SCOTT: Decidedly mixed. The overall strategy doesn't strike me as horrible. If, as many believe, the daily Sun will fold soon, a smartly done newsweekly might not be the worst bad Plan B in a market that — rest in peace, CityLife! — no longer has one. Especially if they can bring to it some of the rambunctious Sun mojo from its Pulitzer days. But the first issue, which they've had plenty of time to fine-tune, is a bit chaotic, even schizo in parts — did you notice how the business mag, Vegas Inc., now exists as its own distinct paper within THE SUNDAY, kind of an ingrown sibling, wiggling Kuato-like in THE SUNDAY’s chest cavity? I’m not sure why they decided to Franken-stitch parts of the Sun and Vegas Inc. together instead of merging both brands into one creamy-smooth, fresh new entity. Otherwise, there's some good journalism, but there's too little storytelling, and the whole thing needs to cohere around a clearer sense of its mission.

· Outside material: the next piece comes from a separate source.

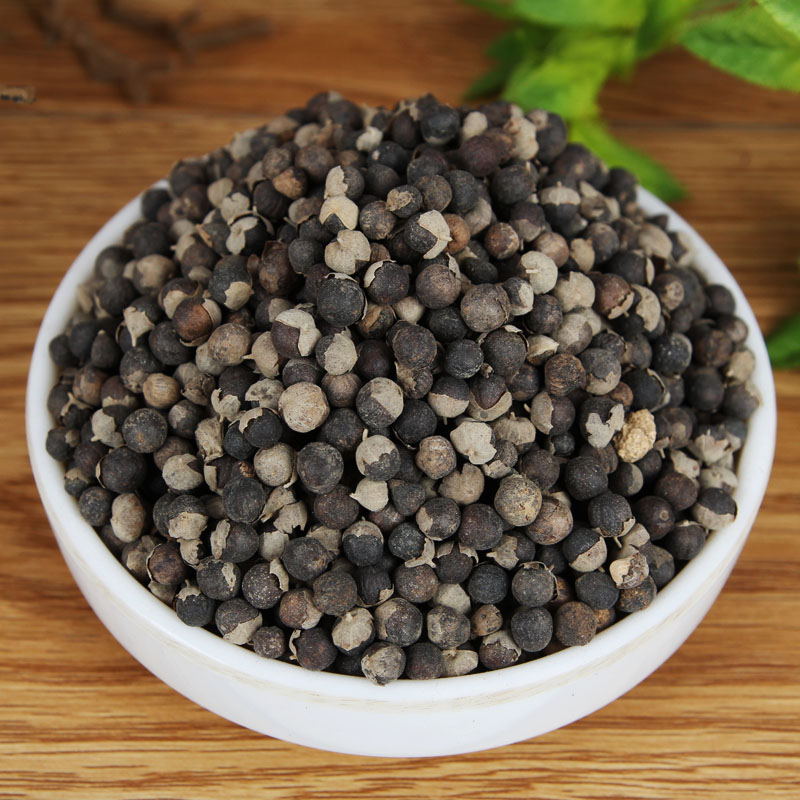 蔓荆中药材曼荆蔓青万荆精选无硫500克包邮其他药食同源食品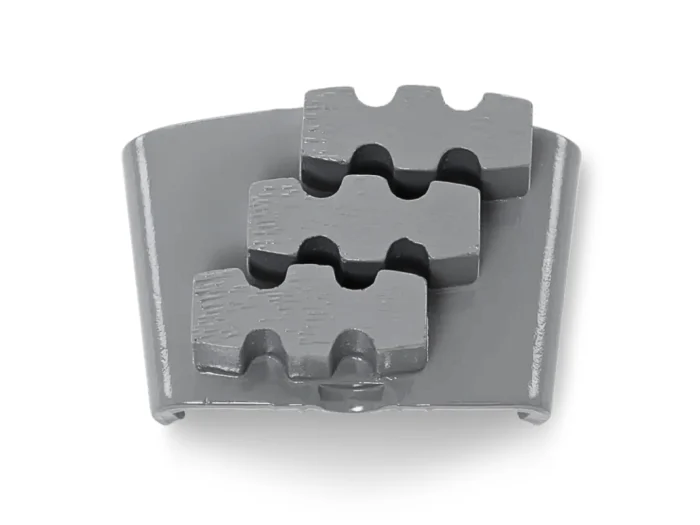 System narzędziowy HUSQVARNA ELITE-GRIND™ EZ XS30 TS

Did you find anything to like about it?

ANDREW: File this under "Damning with faint praise," but I liked how they at least seemed to propose to be a design-forward publication, which reveals a glimmer of awareness about the importance of readability in an ADHD age. The graphically driven featurettes, such as the youth sports story and homebrewing service piece, took an acceptable stab at some alternative storytelling. Execution is, alas, another question altogether: Unfortunately, the cover package on youth sports (breaking news: It's not cheap, and kids sometimes get concussions!) was a clamorous, eye-punching riot of scare stats that weren't really that scary when you parsed them.

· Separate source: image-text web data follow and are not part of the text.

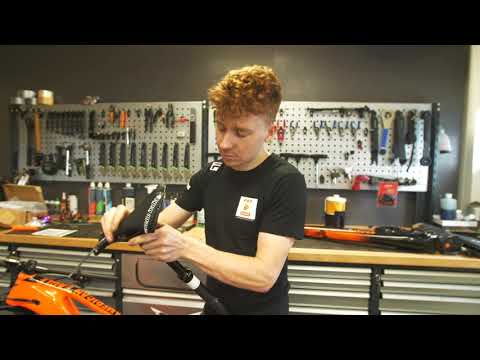 The start of an Olympic season! #GoTokyo2020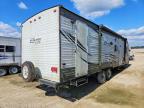 2017 Foresriver 2017 Forest River Cruise Lite Camper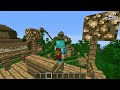 WIKI GRA W MINECRAFT #1
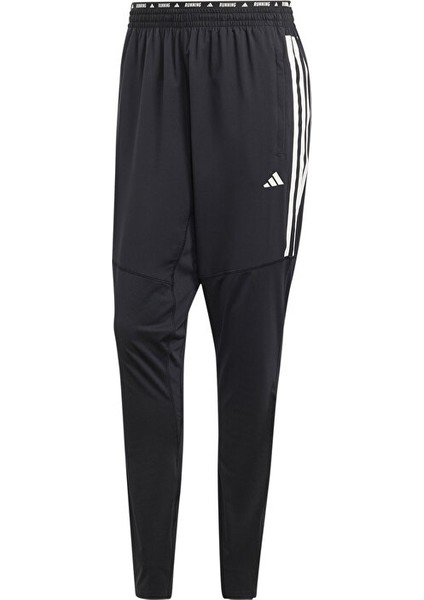 Adidas Otr E 3s Pant Erkek Günlük Eşofman Altı IS0379 Siyah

SCOTT: At the opposite end of the ADHD scale, check out the story about dancer Debbie Flores Narvaez — beautiful, tempestuous performer disappears, is found dismembered, allegedly by her ex-boyfriend. There's so much about this that cries out to be written, in an expansive, magazine style full of narrative and character development, community issues and walloping reader impact. Instead, it’s pretty much a Sun-style slab o' facts. Missed opportunity. But let’s not blame the writer. Let’s blame whichever editor didn't say, This is for a glossy-wrapped, magazine-style weekly, and you need to kick it up a notch. Indeed, what I find disappointing about this inaugural issue is that it doesn't feel like an event, and it should — not just another place to read standard, daily-paper kinds of stuff. This doesn’t strike me as a small issue. With a weekly, you gotta show the reader a good time, even in the serious reporting. If the Sun is going to have a spirited post-JOA voice in the Vegas mediascape, it’s something I think Brian should take seriously.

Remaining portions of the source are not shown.